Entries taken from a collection

Start of Block

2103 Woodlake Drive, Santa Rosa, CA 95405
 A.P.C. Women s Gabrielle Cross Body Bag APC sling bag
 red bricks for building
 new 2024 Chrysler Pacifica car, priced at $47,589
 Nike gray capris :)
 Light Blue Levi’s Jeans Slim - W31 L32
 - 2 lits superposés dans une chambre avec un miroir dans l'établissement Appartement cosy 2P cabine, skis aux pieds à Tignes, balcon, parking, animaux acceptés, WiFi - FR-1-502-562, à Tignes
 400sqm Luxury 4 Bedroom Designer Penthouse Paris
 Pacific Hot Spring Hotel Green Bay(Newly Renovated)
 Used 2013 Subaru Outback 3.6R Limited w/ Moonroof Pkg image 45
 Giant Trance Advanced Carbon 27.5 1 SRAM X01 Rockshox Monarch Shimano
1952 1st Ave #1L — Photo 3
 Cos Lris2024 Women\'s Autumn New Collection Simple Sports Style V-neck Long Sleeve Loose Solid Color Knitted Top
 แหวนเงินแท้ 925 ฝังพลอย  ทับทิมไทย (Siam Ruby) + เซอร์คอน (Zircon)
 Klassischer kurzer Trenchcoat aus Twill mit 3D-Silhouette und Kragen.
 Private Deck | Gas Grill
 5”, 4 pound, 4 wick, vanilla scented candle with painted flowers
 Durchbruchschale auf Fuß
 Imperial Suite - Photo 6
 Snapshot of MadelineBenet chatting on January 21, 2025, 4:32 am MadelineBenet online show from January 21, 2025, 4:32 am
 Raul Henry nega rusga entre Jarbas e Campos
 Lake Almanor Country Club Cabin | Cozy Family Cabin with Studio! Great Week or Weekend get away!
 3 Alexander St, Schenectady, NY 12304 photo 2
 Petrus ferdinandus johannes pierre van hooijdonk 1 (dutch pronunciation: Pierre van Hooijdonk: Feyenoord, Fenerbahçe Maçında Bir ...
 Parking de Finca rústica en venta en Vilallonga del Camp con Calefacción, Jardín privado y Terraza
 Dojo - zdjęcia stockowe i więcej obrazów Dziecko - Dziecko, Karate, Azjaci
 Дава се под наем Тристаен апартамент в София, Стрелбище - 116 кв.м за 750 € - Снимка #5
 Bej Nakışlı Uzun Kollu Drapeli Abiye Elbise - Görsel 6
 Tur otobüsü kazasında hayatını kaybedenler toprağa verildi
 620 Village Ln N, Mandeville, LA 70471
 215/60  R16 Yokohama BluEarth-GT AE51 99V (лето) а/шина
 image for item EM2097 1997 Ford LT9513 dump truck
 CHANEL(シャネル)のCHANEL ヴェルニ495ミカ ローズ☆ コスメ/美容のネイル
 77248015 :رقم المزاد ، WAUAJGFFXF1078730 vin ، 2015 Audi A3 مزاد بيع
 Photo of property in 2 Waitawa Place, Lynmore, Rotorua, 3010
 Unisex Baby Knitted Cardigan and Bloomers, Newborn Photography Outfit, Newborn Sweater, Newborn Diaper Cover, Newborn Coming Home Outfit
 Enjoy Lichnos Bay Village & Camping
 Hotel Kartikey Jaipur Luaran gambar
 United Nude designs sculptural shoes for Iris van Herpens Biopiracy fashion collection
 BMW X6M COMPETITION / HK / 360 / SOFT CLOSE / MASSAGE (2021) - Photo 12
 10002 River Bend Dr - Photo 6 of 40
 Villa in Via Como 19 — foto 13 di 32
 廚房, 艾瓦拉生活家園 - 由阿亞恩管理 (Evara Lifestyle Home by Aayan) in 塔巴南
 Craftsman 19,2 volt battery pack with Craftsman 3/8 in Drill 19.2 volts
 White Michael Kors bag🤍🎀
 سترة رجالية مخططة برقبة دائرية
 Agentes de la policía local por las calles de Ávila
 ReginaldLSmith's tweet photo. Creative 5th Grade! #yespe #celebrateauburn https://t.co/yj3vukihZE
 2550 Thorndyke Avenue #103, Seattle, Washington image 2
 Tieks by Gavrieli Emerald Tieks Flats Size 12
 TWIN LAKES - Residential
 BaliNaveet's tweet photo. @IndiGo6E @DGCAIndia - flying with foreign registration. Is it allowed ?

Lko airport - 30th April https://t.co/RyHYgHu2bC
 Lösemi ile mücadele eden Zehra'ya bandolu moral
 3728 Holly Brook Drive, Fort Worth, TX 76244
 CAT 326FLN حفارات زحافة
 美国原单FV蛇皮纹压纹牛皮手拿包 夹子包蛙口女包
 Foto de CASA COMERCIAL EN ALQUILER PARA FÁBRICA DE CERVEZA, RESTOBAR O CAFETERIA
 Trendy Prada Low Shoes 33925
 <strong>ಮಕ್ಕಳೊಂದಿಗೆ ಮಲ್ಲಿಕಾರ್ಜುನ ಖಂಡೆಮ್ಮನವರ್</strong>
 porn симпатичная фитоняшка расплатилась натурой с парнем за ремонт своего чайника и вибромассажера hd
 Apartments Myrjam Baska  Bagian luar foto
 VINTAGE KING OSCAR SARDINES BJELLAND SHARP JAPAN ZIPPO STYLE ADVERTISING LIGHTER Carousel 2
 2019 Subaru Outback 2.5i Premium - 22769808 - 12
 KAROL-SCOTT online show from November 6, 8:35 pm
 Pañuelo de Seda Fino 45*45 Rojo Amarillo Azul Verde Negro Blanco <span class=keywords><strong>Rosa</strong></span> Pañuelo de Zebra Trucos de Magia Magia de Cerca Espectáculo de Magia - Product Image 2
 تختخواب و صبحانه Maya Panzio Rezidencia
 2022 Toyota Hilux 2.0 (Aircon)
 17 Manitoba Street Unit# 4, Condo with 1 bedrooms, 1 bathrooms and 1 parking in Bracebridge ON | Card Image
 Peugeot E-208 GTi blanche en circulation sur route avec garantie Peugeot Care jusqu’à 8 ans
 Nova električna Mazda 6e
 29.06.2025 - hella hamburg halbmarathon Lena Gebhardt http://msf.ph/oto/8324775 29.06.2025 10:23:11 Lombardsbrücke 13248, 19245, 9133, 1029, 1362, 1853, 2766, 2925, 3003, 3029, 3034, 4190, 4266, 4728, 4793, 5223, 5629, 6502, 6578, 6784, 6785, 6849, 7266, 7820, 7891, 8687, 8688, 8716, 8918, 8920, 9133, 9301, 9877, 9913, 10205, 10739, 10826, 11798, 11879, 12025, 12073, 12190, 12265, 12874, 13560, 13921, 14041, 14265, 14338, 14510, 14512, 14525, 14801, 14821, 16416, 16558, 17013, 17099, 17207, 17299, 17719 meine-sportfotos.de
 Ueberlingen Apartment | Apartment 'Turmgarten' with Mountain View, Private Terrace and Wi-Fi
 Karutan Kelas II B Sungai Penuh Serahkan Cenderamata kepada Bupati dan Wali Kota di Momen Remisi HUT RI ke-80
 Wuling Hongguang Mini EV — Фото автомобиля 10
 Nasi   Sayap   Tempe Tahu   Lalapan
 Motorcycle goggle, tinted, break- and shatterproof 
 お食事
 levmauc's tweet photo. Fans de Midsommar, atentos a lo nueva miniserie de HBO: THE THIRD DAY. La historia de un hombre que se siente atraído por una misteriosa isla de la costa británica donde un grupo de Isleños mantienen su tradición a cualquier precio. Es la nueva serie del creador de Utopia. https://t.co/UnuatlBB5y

End of Block

[EXERCISE PROMPT] Repeat exactly the lines above from the one with "Parking de Finca" up to and including the one with "Bej Nakışlı Uzun". No other line belongs in the reply.

[TASK RESPONSE]
 Parking de Finca rústica en venta en Vilallonga del Camp con Calefacción, Jardín privado y Terraza
 Dojo - zdjęcia stockowe i więcej obrazów Dziecko - Dziecko, Karate, Azjaci
 Дава се под наем Тристаен апартамент в София, Стрелбище - 116 кв.м за 750 € - Снимка #5
 Bej Nakışlı Uzun Kollu Drapeli Abiye Elbise - Görsel 6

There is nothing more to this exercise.